Un bruit de clefs se fit entendre en ce moment du côté de la sacristie, et le bedeau commença une ronde, disant à haute voix : On va fermer les portes.

Hormis le gardien et Patou, il n’y avait personne dans l’église. Le gardien se dirigea vers l’entrée principale, mais Patou le retint et se mit à marcher en sens contraire.

En passant près du petit bénitier de la porte latérale, le gardien y trempa les doigts de sa main droite, et offrit de l’eau bénite à Patou, qui dit merci en riant.

Le gardien se signa gravement.

Patou dit :

— Je n’ai pas encore examiné cela. Hier je me moquais de Samuel Hahnemann, aujourd’hui j’attacherais volontiers son nom à mon chapeau ; quand j’aurai achevé mon cours de médecine, je compte étudier un peu la théologie, et peut-être que je mourrai capucin.

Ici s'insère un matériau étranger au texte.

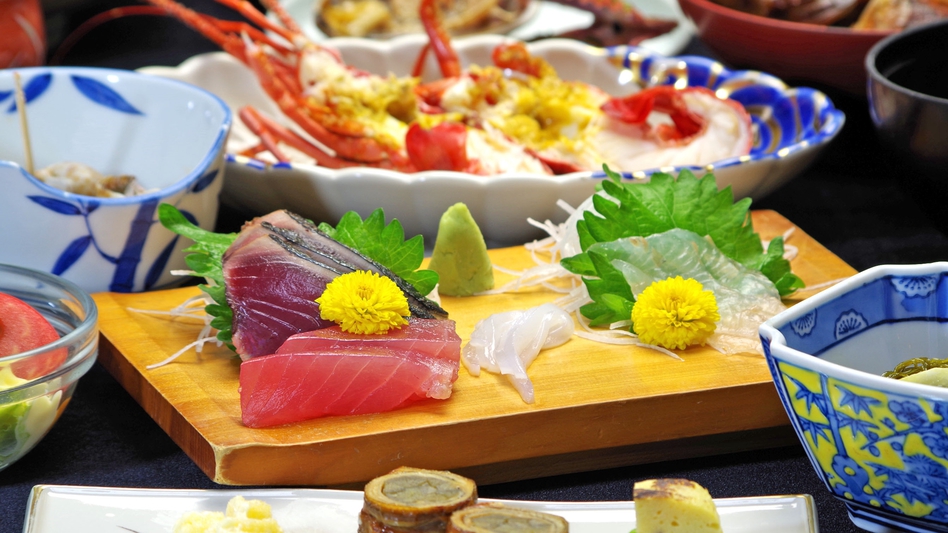 *【夕食】一例。常に新鮮な魚介類が揚る安乗。そんな美味な食材を使ったご夕食。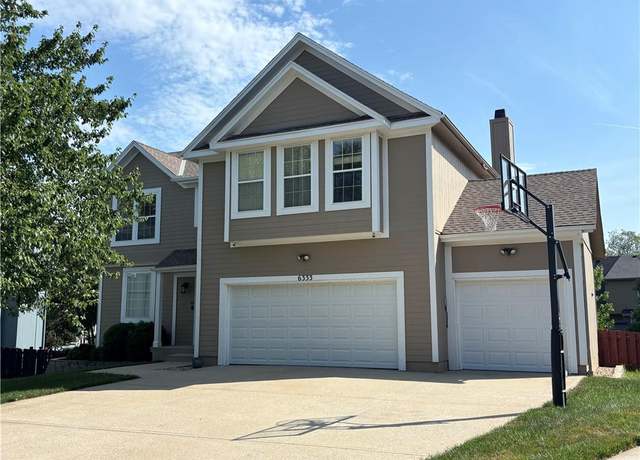 Property at 6333 Lakecrest Dr, Shawnee, KS 66218, 4 beds, 2.5 baths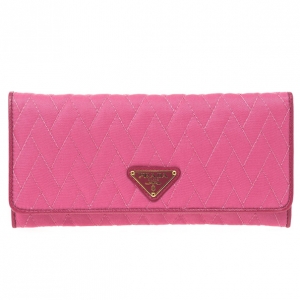 Pre Owned Prada Pink Quilted Nylon Flap Wallet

Il s’interrompit pour ajouter en montrant la porte :

— C’est par là que M. René est sorti, et après lui Mlle Angèle.

Le gardien était pensif.

Tu as peut-être raison de tout étudier, Patou, mon ami, dit-il avec une sorte de fatigue, moi je n’ai rien étudié, sinon la musique, l’escrime et les hommes…

— Excusez du peu ! fit l’apprenti médecin.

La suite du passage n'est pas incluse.